Where owners of a television set sent it to be repaired, where, after it was repaired, it caught fire and damaged the owner’s house, and where the owners executed a release and subrogation receipt to the insurance company, which later filed a complaint against the repair shop, suit against the repair shop was barred by §15-1-49 on the basis that the statute of limitations began running against the owners on the claim on the day of the fire; moreover, the fact that the insurance company later became subrogated to the rights of the owners did not operate to extend the period within which the suit could be brought simply because the insurance company was substituted in the place of the owners and succeeded to their rights and remedies in their claim against the repair shop. Indiana Lumbermen's Mut. Ins. Co. v. Curtis Mathes Mfg. Co., 456 So. 2d 750, 1984 Miss. LEXIS 1886 (Miss. 1984).

42. —Real property, deeds, etc.

In a case in which the homeowner suffered recurring problems with flash flooding, which caused water to enter his home, the chancery court did not err in granting summary judgment in favor of the neighbors as the homeowner’s claim against the neighbors was barred by the three-year statute of limitations because the latest date on which the homeowner discovered the injury was July 3, 2010 - the date of the second flooding incident; and the homeowner amended his suit to add the neighbors as defendants on April 29, 2014, well over three years later. Milam v. Kelly, — So.3d —, 2019 Miss. App. LEXIS 361 (Miss. Ct. App. July 30, 2019).

In a case in which the homeowner suffered recurring problems with flash flooding, which caused water to enter his home, the continuing torts doctrine did not apply because the flooding of the homeowner’s home constituted a continual ill effect, not a continual unlawful act.

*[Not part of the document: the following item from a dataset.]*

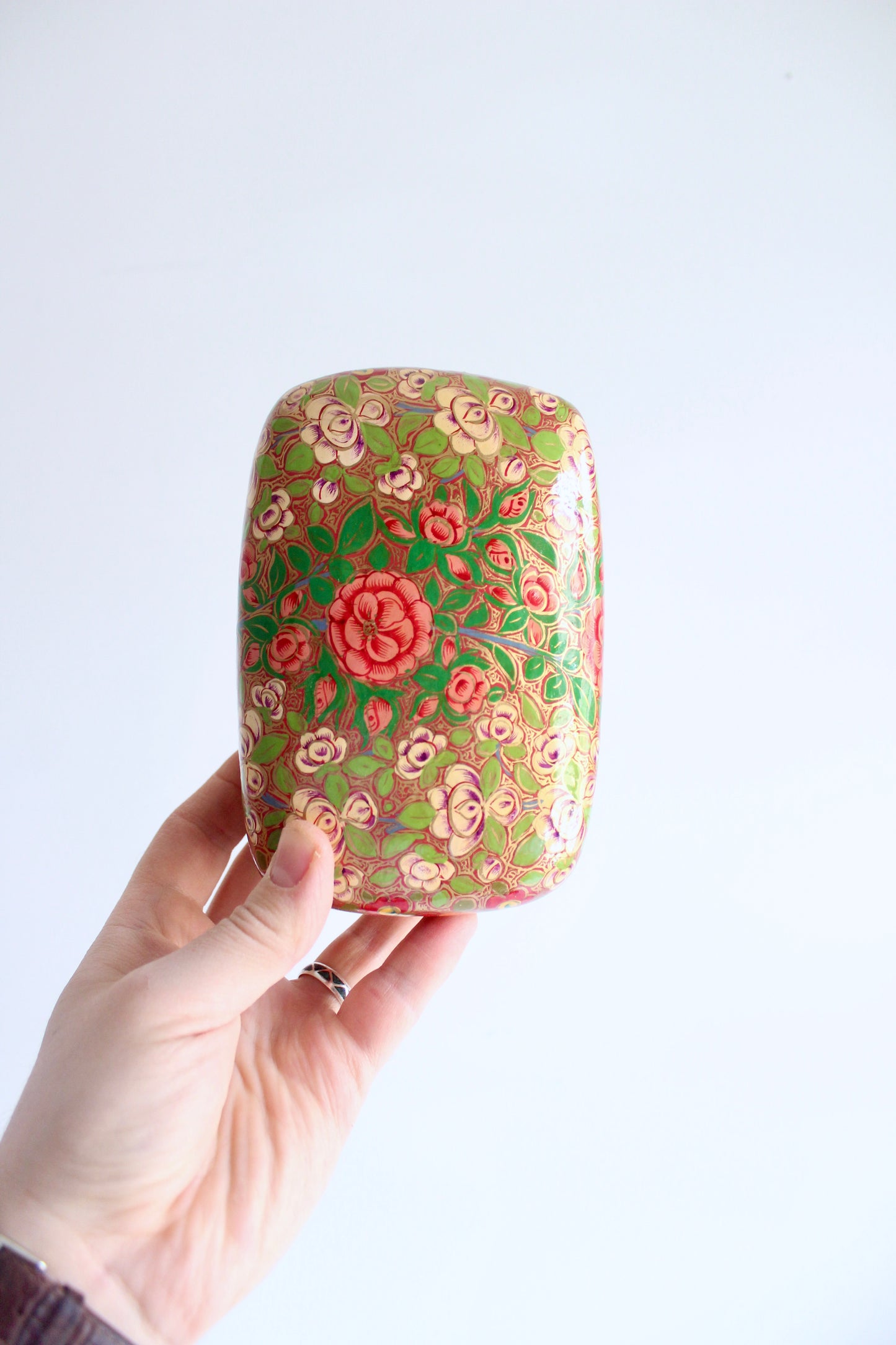 Vintage Kashmiri Papier Mache Box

Milam v. Kelly, — So.3d —, 2019 Miss. App. LEXIS 361 (Miss. Ct. App. July 30, 2019).

In a case in which the homeowner suffered recurring problems with flash flooding, which caused water to enter his home, the three-year statute of limitations was not tolled based on the doctrine of fraudulent concealment because the homeowner failed to present evidence showing that the neighbors were aware that their wooden fence and landscaping were the cause of the flash flooding; and the homeowner presented no evidence of an affirmative act by the neighbors to prevent the discovery of his claim. Milam v. Kelly, — So.3d —, 2019 Miss. App. LEXIS 361 (Miss. Ct. App. July 30, 2019).

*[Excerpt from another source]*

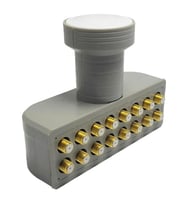 Rose RLE-1600 16 Çıkışlı 0.1 DB Full HD 4K LNB Universal Hexademical On Altılı Lnb Apartman Tipi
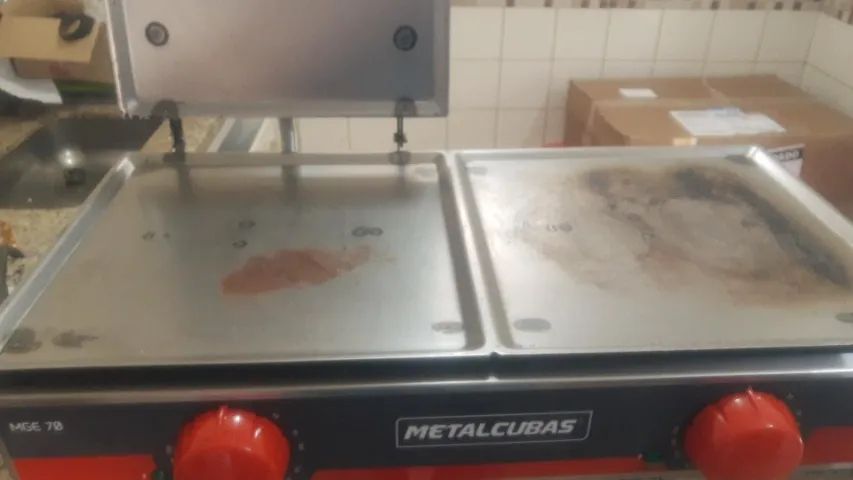 Grill Elétrico 70cms MGE-70 Metalcubas Aço Inox Escovado- 220V - Seminovo e revisado - Foto 3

General three-year statute of limitations applied to appellant’s claims for equitable distribution of certain property; the chancellor found that appellant failed to prove all of the necessary elements of a partnership and the statute of limitations began on the closing date of the property, and thus appellant’s claims were barred by the statute of limitations. Carlson v. Brabham, 199 So.3d 735, 2016 Miss. App. LEXIS 32 (Miss. Ct. App.), cert. denied, 203 So.3d 597, 2016 Miss. LEXIS 395 (Miss. 2016).

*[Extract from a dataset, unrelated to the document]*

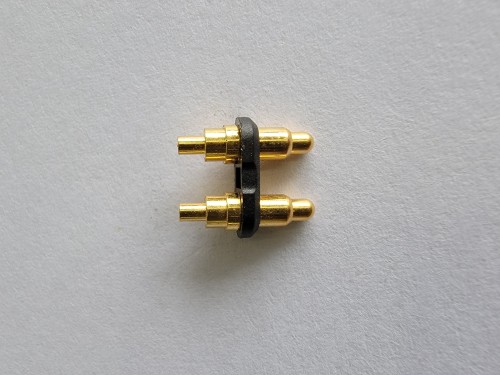 Brass crimp connectors by plunger and tube and a spring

Mortgagor’s wrongful foreclosure claim was time-barred under Miss. Code Ann. §15-1-49 as it was filed 10 years after the foreclosure; Miss. Code Ann. §15-1-7 applied to actions to recover land, not to actions for wrongful. foreclosure. Tenn. Props. Inc. v. Gillentine, 66 So.3d 695, 2011 Miss. App. LEXIS 329 (Miss. Ct. App. 2011).

Summary judgment was properly granted to a trustee in a prior owner’s action to set aside a warranty deed transfer and a trust six years later because the three-year statute of limitations in Miss. Code Ann. §15-1-49 applied, rather than the ten-year period in Miss. Code Ann. §15-1-7. Concealed fraud did not toll the limitations period since the instrument here was recorded as a matter of public record. McWilliams v. McWilliams, 970 So. 2d 200, 2007 Miss. App. LEXIS 779 (Miss. Ct. App. 2007), overruled, Lott v. Saulters, 133 So.3d 794, 2014 Miss. LEXIS 53 (Miss. 2014).

Statute of limitations for Mississippi landowner’s claims asserting due process taking violations, equal protection violations, and discrimination on account of race was Mississippi’s 3-year residual statute of limitations. Taylor v. County of Copiah, 937 F. Supp. 573, 1994 U.S. Dist. LEXIS 20977 (S.D. Miss. 1994), aff'd, 51 F.3d 1042, 1995 U.S. App. LEXIS 8212 (5th Cir. Miss. 1995).

Ten-year limitation period of Code 1942, § 709, applies to a bill to set aside a deed and to hold grantee as trustee of the land for benefit of complainants, neither the three-year limitation period of Code 1942, § 729, nor the six-year period of this section [Code 1942, § 722] being applicable when accounting feature contained in bill is merely incidental. Burton v. Gibbes, 204 Miss. 248, 37 So. 2d 285, 1948 Miss. LEXIS 359 (Miss. 1948).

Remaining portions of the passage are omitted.